O Acordo de Parceria entre o Mercosul e a União Europeia (UE), assinado em 17 de janeiro, após mais de 25 anos de negociações, abre novas frentes para a propriedade intelectual no Brasil.
O tratado, que ainda depende de ratificação pelo Parlamento Europeu e pelos congressos nacionais dos países do Mercosul, abrange mais de 700 milhões de consumidores e reduz tarifas sobre a maior parte dos bens e serviços negociados entre os blocos.
Um dos capítulos centrais do acordo trata dos direitos de propriedade intelectual (PI), incluindo patentes, marcas, desenhos industriais, direitos autorais e, especialmente, indicações geográficas.
Indicações geográficas: ganho de visibilidade e novos mercados
O acordo Mercosul–UE estabelece um mecanismo de reconhecimento e proteção recíproca de Indicações Geográficas (IGs) entre os blocos, prevendo listas de denominações que poderão ser protegidas no território da outra parte, desde que cumpridos os requisitos legais aplicáveis.
Para produtos brasileiros, como queijos, cafés, vinhos e bebidas típicas, isso representa a possibilidade de ampliação da proteção no mercado europeu, com maior segurança contra usos indevidos, imitações ou evocações que possam induzir o consumidor a erro, reforçando o valor agregado desses ativos geográficos e culturais.
Essa proteção, contudo, não é automática. Conforme esclarecido pelo INPI, o reconhecimento de uma indicação geográfica no âmbito do acordo depende de prévio registro no país de origem, da observância de critérios técnicos específicos e da inclusão da IG nas listas negociadas entre os blocos, além da possibilidade de oposição por partes interessadas.

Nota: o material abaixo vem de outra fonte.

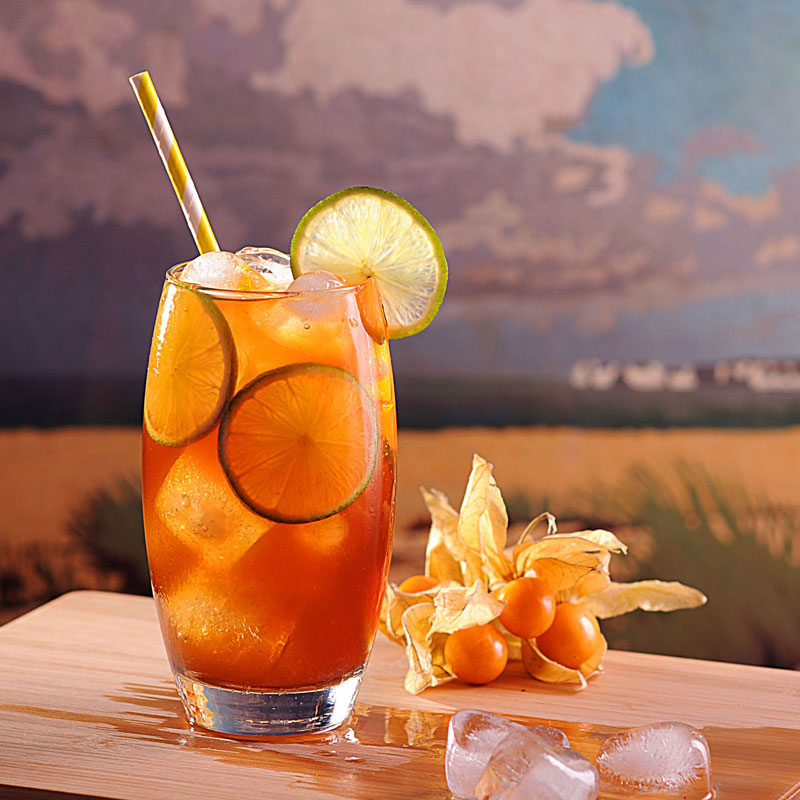 Long Island Iced Coffee Cocktail Recipe in Glass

A expressa previsão das IGs no acordo funciona como incentivo para que produtores brasileiros busquem o registro de suas indicações geográficas e estruturem suas cadeias produtivas com foco em qualidade, rastreabilidade e origem, o que tende a favorecer exportações com maior valor agregado e diferenciação no mercado europeu.
Expectativa de aumento de pedidos de patentes e marcas
A eliminação de barreiras e a ampliação do acesso ao mercado europeu torna o ambiente favorável ao crescimento de pedidos de proteção desses ativos de propriedade intelectual. A maior previsibilidade regulatória e a integração às cadeias de valor globais resultantes do acordo tendem a incentivar empresas brasileiras e estrangeiras a fortalecer suas carteiras de registros e depósitos.
As oportunidades desse novo mercado ampliado expõem empresas brasileiras a maior concorrência internacional, o que demanda uma estratégia robusta de proteção de PI. Marcas e patentes, por exemplo, são territoriais: uma patente ou marca concedida no Brasil não garante exclusividade automática na União Europeia ou nos outros países do Mercosul.
É essencial que as empresas busquem registros multinacionais ou nacionais adicionais para assegurar a proteção de seus ativos de propriedade intelectual nesse novo e amplo mercado, visando mitigar riscos de que sejam reproduzidos em outros países sem que haja base jurídica para impedir ou coibir esse uso.
Inovação, competitividade e perspectiva futura
No ambiente competitivo global crescentemente pautado na busca de novas tecnologias, a implementação do acordo Mercosul-UE pode funcionar como um vetor de estímulo à inovação no Brasil. O aumento de interações econômicas e tecnológicas com empresas europeias pode trazer efeitos indiretos potentes, inclusive em transferência de tecnologia, cooperação em P&D e acesso a novos mercados consumidores.
Por outro lado, essa integração também coloca as empresas brasileiras diante do desafio de aprofundar suas políticas de gestão de ativos de propriedade intelectual e de inovação, garantindo que a proteção de sua PIs seja não apenas uma ferramenta defensiva, mas também um motor de competitividade sustentável e rentável.